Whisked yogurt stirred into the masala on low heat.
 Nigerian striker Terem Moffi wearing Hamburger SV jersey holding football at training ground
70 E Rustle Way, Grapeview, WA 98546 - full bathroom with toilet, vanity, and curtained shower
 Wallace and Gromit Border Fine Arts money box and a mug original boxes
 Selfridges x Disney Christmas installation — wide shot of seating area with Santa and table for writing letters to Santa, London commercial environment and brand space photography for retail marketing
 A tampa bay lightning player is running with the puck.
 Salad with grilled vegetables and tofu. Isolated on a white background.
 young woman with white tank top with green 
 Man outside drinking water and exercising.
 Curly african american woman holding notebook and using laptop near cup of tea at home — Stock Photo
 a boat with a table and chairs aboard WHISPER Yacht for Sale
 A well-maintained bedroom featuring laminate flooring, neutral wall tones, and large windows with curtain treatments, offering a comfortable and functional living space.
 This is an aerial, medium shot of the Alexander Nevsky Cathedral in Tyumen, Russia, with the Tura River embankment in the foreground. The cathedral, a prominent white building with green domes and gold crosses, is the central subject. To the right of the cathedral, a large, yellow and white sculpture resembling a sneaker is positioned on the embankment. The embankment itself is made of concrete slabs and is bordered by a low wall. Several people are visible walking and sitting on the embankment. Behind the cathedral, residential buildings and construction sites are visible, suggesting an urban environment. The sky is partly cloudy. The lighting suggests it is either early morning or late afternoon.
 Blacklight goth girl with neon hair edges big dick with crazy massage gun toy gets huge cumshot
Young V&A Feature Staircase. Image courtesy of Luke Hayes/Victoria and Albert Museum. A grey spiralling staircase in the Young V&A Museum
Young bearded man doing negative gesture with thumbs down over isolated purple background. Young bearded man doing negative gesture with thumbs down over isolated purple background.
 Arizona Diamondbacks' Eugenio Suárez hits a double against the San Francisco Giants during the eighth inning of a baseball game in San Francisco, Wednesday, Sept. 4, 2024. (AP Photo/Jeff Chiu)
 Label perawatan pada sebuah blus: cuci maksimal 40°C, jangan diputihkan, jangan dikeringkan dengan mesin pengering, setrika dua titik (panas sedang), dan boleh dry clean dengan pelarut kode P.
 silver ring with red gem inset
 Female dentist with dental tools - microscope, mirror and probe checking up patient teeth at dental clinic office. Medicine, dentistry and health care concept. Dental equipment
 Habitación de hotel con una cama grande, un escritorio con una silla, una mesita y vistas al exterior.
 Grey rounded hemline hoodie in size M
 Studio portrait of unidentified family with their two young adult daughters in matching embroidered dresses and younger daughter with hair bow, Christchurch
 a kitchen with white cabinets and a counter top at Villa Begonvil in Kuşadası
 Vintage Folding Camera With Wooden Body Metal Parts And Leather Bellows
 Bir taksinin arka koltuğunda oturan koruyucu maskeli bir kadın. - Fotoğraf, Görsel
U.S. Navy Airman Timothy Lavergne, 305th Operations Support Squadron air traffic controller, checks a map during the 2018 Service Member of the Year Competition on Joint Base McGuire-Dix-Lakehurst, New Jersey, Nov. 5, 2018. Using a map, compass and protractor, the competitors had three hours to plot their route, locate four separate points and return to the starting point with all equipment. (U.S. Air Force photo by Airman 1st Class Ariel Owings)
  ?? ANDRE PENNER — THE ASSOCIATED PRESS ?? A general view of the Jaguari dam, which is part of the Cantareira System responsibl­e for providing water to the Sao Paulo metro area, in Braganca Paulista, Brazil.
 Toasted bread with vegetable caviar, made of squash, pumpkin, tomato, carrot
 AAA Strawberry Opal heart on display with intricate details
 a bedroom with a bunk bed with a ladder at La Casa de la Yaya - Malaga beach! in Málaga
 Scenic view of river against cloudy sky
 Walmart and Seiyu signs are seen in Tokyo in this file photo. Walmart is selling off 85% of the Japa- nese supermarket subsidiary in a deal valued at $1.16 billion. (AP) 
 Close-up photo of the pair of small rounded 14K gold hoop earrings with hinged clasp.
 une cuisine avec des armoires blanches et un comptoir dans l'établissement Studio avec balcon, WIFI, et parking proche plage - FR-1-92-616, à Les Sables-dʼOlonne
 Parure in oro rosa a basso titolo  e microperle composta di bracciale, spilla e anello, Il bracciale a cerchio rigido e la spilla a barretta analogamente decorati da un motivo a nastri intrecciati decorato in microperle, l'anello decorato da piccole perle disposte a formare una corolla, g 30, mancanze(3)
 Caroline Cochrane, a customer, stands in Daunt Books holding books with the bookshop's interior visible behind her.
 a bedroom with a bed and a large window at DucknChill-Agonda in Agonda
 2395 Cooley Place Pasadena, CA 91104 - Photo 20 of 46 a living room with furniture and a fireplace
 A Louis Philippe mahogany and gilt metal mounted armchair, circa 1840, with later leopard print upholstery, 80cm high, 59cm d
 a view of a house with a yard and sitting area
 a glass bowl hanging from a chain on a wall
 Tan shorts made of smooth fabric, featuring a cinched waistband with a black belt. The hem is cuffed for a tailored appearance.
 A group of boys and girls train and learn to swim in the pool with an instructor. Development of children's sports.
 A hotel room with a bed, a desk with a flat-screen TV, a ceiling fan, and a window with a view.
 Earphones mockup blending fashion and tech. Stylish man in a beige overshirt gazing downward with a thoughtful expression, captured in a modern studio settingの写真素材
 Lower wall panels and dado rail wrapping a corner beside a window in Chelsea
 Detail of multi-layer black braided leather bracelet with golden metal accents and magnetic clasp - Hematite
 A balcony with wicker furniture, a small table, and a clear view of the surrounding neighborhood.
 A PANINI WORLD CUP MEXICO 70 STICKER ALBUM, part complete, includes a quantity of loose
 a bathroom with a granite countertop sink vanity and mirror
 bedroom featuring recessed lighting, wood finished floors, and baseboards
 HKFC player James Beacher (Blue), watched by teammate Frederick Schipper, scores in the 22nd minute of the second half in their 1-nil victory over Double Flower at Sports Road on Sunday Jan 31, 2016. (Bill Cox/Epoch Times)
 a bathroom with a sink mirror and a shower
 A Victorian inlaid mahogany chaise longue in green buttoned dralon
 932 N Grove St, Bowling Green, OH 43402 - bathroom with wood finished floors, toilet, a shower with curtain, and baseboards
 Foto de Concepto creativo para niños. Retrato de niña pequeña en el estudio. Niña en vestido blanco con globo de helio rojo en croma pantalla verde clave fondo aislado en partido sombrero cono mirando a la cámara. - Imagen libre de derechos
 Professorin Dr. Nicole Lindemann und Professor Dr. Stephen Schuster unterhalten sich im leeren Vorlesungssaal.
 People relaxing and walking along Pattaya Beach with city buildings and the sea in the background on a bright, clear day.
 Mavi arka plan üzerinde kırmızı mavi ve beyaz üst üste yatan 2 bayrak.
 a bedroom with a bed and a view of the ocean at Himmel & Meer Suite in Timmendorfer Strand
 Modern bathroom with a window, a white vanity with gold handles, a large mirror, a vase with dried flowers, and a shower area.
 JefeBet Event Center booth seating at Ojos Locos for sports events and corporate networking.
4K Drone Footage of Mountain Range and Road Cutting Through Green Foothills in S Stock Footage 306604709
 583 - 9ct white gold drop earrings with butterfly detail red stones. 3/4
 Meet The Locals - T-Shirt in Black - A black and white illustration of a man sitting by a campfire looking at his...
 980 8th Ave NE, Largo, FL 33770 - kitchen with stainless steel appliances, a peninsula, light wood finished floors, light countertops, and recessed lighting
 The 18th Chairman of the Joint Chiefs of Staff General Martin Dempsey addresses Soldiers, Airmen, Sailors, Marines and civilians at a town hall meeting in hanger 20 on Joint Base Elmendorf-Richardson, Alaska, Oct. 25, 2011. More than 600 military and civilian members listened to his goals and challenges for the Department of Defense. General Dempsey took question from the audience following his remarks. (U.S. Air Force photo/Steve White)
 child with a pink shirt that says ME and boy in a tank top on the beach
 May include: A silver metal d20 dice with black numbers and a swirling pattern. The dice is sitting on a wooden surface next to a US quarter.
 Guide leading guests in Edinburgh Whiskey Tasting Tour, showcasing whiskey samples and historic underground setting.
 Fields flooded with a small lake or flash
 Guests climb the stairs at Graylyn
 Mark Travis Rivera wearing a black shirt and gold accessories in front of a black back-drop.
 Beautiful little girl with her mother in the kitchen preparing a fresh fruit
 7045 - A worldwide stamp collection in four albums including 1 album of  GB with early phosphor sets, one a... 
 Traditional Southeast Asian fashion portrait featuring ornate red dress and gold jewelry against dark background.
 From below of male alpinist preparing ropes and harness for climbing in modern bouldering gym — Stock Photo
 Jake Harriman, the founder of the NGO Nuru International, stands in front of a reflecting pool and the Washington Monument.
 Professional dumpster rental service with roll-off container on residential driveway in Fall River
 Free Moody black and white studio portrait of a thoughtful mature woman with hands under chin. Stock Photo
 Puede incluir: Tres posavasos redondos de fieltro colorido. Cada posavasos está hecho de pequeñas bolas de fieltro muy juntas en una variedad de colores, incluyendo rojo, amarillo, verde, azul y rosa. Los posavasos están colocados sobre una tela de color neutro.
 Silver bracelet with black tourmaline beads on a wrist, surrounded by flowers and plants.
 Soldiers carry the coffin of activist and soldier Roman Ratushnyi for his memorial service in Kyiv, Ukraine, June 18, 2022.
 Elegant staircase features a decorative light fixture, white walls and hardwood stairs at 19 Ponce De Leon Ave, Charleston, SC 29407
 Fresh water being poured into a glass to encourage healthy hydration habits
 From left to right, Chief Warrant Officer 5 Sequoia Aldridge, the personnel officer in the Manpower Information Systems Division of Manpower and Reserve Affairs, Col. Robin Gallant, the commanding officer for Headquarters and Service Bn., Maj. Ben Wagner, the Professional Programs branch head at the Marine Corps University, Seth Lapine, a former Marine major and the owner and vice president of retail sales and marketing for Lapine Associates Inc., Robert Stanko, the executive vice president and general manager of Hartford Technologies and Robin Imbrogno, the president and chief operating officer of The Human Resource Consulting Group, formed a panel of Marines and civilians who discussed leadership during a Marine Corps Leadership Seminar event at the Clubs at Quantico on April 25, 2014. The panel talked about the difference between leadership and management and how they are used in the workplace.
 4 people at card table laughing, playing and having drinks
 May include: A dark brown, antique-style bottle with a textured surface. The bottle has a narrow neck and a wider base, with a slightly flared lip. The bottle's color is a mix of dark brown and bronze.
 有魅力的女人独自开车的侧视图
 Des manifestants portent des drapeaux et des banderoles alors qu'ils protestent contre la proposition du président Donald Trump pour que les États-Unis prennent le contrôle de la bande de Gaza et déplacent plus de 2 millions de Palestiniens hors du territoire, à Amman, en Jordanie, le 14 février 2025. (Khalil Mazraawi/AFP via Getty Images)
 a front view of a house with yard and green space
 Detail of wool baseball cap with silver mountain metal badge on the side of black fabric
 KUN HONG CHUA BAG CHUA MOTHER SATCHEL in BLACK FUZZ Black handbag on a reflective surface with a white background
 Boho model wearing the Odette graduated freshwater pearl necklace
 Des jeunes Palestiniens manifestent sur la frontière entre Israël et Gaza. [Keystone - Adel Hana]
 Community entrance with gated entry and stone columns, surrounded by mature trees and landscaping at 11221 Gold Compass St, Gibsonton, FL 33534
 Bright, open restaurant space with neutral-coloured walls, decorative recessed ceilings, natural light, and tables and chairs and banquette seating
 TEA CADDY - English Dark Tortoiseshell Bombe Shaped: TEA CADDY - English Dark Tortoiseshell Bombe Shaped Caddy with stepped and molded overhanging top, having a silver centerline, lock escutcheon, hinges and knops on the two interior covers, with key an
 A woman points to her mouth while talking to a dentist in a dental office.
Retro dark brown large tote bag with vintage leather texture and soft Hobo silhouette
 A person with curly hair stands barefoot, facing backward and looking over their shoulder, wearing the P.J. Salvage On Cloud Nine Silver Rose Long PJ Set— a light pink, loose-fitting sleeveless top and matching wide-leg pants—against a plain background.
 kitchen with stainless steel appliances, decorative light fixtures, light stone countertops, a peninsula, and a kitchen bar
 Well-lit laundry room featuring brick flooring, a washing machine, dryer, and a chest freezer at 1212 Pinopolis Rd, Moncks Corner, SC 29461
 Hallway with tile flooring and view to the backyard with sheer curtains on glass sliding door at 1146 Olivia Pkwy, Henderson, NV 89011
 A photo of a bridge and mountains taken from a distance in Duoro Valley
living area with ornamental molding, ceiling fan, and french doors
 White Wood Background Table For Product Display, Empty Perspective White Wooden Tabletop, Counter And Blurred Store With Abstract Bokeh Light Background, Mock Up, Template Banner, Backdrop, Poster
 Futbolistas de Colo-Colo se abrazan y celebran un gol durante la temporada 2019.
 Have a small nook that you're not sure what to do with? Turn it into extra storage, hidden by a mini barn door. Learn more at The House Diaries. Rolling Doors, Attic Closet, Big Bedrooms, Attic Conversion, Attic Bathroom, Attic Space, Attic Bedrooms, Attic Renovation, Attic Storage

= = =

• [TASK DETAILS]:
Please return only the lines above, starting at the line that has "a bedroom with a bunk" and ending at the line that has "Scenic view of river against cloudy sky", keeping both and leaving each one unchanged.

• [TASK ANSWER]:
 a bedroom with a bunk bed with a ladder at La Casa de la Yaya - Malaga beach! in Málaga
 Scenic view of river against cloudy sky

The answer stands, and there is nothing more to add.